Work order: Beginning with the first line, please repeat the entries exactly and end on the line that contains "Yellow Abstract Sun".

-------- Recorded information --------

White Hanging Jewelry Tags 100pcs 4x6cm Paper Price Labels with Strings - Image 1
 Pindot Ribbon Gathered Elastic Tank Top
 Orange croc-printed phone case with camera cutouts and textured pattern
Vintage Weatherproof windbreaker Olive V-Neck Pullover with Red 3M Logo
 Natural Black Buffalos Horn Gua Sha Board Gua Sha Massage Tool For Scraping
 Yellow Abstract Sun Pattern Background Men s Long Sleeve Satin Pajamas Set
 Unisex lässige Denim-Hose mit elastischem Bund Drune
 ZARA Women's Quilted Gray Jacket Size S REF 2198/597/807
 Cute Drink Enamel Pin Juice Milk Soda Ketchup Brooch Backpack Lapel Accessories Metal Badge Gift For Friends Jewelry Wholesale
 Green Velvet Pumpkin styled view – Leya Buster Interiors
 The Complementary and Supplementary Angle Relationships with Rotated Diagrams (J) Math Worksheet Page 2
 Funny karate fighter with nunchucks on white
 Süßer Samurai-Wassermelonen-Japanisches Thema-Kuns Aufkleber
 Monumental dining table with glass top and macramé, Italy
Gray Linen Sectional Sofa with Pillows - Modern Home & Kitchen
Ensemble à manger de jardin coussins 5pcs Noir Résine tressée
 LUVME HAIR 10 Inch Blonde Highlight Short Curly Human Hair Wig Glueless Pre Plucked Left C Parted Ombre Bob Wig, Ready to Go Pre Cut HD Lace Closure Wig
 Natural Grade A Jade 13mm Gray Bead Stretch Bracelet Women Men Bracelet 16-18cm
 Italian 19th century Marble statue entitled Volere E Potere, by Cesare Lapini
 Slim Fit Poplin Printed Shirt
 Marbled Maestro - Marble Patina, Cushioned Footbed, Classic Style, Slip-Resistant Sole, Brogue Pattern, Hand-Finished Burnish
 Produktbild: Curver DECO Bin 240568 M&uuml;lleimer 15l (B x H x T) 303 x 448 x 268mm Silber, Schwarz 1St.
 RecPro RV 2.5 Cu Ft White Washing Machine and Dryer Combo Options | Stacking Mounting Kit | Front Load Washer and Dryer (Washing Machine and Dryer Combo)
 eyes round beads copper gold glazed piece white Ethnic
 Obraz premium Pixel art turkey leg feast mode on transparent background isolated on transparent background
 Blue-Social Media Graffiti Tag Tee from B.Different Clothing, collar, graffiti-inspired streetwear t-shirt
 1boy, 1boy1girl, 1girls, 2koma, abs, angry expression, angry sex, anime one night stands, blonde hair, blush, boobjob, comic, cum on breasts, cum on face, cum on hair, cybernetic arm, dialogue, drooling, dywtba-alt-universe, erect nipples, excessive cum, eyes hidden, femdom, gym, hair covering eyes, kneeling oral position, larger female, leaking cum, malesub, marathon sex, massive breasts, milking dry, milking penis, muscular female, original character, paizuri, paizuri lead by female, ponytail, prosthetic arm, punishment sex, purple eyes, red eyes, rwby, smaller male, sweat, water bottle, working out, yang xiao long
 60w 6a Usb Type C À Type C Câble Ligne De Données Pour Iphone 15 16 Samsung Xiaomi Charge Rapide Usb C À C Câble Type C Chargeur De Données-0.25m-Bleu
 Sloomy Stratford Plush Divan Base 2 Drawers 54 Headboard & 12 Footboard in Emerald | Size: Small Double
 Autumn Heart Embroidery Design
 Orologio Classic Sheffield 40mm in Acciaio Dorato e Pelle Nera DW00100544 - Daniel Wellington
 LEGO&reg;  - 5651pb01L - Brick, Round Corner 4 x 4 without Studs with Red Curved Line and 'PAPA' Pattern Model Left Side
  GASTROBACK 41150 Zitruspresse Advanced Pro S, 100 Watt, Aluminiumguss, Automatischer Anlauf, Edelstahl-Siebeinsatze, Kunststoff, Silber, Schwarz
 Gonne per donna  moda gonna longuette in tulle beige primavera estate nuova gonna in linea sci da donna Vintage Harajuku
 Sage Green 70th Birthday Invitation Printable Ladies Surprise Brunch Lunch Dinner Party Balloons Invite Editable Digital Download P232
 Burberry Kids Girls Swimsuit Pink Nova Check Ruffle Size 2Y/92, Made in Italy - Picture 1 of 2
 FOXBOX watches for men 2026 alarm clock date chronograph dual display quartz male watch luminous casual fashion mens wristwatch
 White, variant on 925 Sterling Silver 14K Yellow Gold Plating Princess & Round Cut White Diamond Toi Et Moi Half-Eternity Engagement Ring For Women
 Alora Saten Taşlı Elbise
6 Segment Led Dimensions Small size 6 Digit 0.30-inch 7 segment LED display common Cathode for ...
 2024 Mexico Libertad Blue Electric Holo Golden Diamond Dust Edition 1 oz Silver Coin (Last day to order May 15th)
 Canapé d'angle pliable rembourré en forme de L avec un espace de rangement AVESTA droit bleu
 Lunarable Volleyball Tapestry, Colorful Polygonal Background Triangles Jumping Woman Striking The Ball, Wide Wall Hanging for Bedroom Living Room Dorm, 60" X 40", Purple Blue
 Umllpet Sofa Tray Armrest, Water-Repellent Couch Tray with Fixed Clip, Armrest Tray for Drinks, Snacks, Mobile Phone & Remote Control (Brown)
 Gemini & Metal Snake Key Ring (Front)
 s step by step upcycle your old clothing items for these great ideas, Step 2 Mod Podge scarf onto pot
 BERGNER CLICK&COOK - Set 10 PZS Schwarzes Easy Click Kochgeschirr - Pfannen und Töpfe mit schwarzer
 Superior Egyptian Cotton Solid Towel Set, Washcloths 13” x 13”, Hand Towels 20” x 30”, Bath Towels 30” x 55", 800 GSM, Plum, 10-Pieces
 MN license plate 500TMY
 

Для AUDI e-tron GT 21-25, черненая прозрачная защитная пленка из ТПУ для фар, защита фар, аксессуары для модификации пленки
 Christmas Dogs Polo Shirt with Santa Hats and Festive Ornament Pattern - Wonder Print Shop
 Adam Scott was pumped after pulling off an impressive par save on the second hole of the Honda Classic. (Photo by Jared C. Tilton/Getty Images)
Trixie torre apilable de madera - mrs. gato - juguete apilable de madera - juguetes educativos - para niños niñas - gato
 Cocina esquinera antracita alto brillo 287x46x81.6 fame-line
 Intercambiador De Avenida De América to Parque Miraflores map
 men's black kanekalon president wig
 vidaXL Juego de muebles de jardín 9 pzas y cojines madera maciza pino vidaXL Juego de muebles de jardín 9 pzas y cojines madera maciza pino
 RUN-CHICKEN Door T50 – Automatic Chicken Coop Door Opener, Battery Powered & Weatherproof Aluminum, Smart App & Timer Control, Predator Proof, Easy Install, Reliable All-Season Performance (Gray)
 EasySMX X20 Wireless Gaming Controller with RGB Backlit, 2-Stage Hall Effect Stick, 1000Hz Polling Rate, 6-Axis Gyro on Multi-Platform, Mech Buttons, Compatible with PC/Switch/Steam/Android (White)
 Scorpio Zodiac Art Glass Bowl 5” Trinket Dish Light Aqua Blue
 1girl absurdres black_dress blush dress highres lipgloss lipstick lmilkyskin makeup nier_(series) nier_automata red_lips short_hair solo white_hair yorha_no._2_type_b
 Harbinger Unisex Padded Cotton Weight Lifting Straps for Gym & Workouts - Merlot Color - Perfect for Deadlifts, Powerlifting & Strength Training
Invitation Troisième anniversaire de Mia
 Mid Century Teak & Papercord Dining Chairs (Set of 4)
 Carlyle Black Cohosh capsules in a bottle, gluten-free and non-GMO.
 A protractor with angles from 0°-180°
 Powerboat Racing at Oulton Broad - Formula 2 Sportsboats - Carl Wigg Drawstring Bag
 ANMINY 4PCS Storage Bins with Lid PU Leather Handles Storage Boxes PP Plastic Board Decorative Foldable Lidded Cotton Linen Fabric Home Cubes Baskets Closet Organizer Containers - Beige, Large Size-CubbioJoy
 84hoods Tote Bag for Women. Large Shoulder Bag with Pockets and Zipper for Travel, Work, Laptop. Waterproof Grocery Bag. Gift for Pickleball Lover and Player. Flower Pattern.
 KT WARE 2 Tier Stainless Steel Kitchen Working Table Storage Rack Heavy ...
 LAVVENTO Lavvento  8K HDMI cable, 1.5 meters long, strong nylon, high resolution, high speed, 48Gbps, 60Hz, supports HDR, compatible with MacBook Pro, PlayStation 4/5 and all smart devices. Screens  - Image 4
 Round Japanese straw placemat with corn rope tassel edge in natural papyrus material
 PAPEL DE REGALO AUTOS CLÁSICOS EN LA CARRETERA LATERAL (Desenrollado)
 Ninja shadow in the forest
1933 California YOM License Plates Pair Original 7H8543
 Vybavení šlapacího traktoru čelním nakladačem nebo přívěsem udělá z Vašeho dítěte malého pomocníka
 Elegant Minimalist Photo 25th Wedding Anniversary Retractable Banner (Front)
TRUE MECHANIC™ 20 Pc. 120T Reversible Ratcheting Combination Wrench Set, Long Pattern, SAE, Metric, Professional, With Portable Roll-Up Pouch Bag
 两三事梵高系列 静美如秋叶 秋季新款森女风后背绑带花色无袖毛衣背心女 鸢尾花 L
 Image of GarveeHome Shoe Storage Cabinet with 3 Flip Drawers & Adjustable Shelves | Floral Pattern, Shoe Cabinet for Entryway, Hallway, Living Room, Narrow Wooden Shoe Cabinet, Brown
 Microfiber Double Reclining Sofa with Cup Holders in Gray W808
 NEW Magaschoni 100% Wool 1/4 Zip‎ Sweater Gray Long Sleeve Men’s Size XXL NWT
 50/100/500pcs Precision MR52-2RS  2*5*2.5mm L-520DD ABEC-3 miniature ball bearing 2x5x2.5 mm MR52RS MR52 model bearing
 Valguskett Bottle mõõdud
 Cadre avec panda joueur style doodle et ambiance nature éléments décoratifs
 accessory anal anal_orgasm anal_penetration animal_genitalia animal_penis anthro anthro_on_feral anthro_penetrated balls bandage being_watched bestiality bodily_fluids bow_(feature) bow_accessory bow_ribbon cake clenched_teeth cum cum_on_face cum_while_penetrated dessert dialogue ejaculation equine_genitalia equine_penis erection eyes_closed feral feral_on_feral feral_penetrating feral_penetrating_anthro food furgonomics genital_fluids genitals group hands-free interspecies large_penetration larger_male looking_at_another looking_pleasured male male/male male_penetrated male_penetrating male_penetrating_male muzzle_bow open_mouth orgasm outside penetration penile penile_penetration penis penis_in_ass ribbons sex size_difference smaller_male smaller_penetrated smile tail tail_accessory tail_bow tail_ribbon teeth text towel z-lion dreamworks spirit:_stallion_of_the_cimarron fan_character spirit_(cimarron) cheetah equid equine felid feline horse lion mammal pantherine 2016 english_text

--------

Response to this exercise:
White Hanging Jewelry Tags 100pcs 4x6cm Paper Price Labels with Strings - Image 1
 Pindot Ribbon Gathered Elastic Tank Top
 Orange croc-printed phone case with camera cutouts and textured pattern
Vintage Weatherproof windbreaker Olive V-Neck Pullover with Red 3M Logo
 Natural Black Buffalos Horn Gua Sha Board Gua Sha Massage Tool For Scraping
 Yellow Abstract Sun Pattern Background Men s Long Sleeve Satin Pajamas Set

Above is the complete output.